Schiassomat schrieb:


> das mit dem Wiederstand kanst du gleich vergessen.


 
Mit einem entsprechenden Leistungswiderstand ist das kein Problem.

Drahtwiderstand 100W 5% 3r9, ATE ELECTRONICS | voelkner - direkt günstiger


----------



## Gast12348 (9. Oktober 2011)

*AW: 4 Ohm Subwoofer an 8 Ohm Ausgang???*

Genau von den teilen hab ich 2 stk im Auto, Sinnfrei ist es trotzdem da geht so viel leistung verloren bei Reihenschaltung


----------



## nfsgame (9. Oktober 2011)

*AW: 4 Ohm Subwoofer an 8 Ohm Ausgang???*

Sehen wirs positiv für ihn: Er braucht erstmal keine Heizung fürs Zimmer .


----------



## rebel4life (9. Oktober 2011)

*AW: 4 Ohm Subwoofer an 8 Ohm Ausgang???*



dfence schrieb:


> Sinnfrei ist es trotzdem da geht so viel leistung verloren bei Reihenschaltung


 
a) diesen Widerstand, b) Übertrager oder c) neue Endstufe.

Preislich dürfte wohl a) am billigsten sein, dann c) und dann b). 

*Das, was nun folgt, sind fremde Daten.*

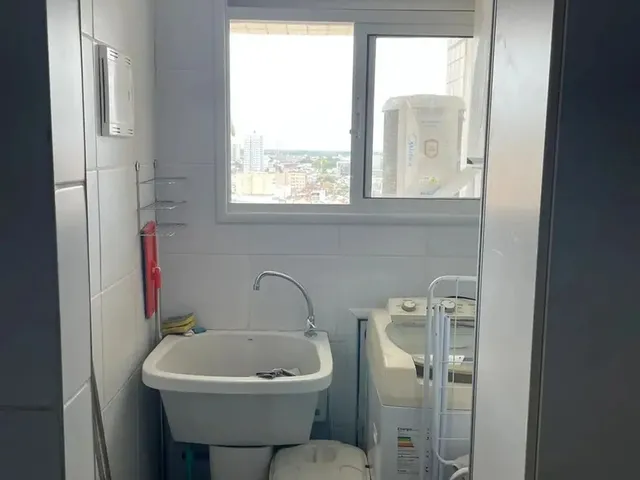 Imagem 4: Apartamento Mobiliado no Ed Mistral , com 2 Quartos, Sendo 1 Suíte, 1 Vg Garagem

Sprich Der Widerstand ist in diesem Fall die beste Lösung.


----------



## fpsJunkie (9. Oktober 2011)

Panasonic SA-AK640 ist die genaue Bezeichnung
Also warm wird der Widerstand schon, aber funktionieren tuts (auch nach ein paar stunden) auf alle fälle.
für ein zimmer von 12qm reicht auch die halbe leistung von 150 watt 
der originale sub hatte auch nur 180 rms und ich denke das die anlage das auch ausgibt.


----------



## nfsgame (9. Oktober 2011)

*AW: 4 Ohm Subwoofer an 8 Ohm Ausgang???*

Zusammenzählen gilt schon aufgrund der unterschiedlichen Impedanzen nicht gut ..



			
				Panasonic-Website schrieb:
			
		

> FTC Output power
> * THD 10%*
> 100 Hz to 3 kHz
> (Low channel-both channels driven) 75 W per channel (3 Ω)
> ...



Nebenbei ist ein Klirrfaktor von 10% (in Worten: ZEHN!) erbärmlichst . Bei noch annehmbaren 1% sind bestimmt nur noch 20/20/60W übrig .


----------



## rebel4life (9. Oktober 2011)

*AW: 4 Ohm Subwoofer an 8 Ohm Ausgang???*

Na und? Rate mal wieviel dein Lautsprecher hat. Die sind garantiert net besser.


----------



## nfsgame (9. Oktober 2011)

*AW: 4 Ohm Subwoofer an 8 Ohm Ausgang???*

Da brauch ich nicht raten, da gibts sogar Messprotokolle zu. Aber ich hab es lieber vom Lautsprecher, wo es nebenbei bis 85dB und über 160Hz unter 1% liegt, als vom Verstärker. Aber hey: ich will dir nicht verbieten dir sonen Klirrbomber hinzustellen, aber wieso hast du dann den NAD und den Marantz?


----------



## rebel4life (9. Oktober 2011)

*AW: 4 Ohm Subwoofer an 8 Ohm Ausgang???*



nfsgame schrieb:


> aber wieso hast du dann den NAD und den Marantz?


 
Weil ich es kann.


----------



## nfsgame (9. Oktober 2011)

*AW: 4 Ohm Subwoofer an 8 Ohm Ausgang???*

Gut, genug OT. Ich kann auch so einiges  .


----------



## Gast12348 (9. Oktober 2011)

*AW: 4 Ohm Subwoofer an 8 Ohm Ausgang???*

Power consumption 132 W 

Wie sollen da 580watt rauskommen wenn die Anlage grad mal 132watt aus der Steckdose zieht ?


----------



## Scheolin (9. Oktober 2011)

da is n perpetuum mobile eingebaut, is doch klar. Selbiges findet man auch häufig in Tonreproduzierenden Geräten eines bekannten Perpherieherstellers, leider werden diese häufig als "Brüllwürfel" abgetan und man verkennt die Leistungsfähigkeit eines integrieren Perpetuum Mobiles, wie sie in Produkten dieser Preis- und Klangklasse häufig anzutreffen sind.

@TE: bist du mit der konstruktion jetzt zufrieden, oder willst du da noch was dran verändern?(zweiter sub, andere endstufe etc.)


----------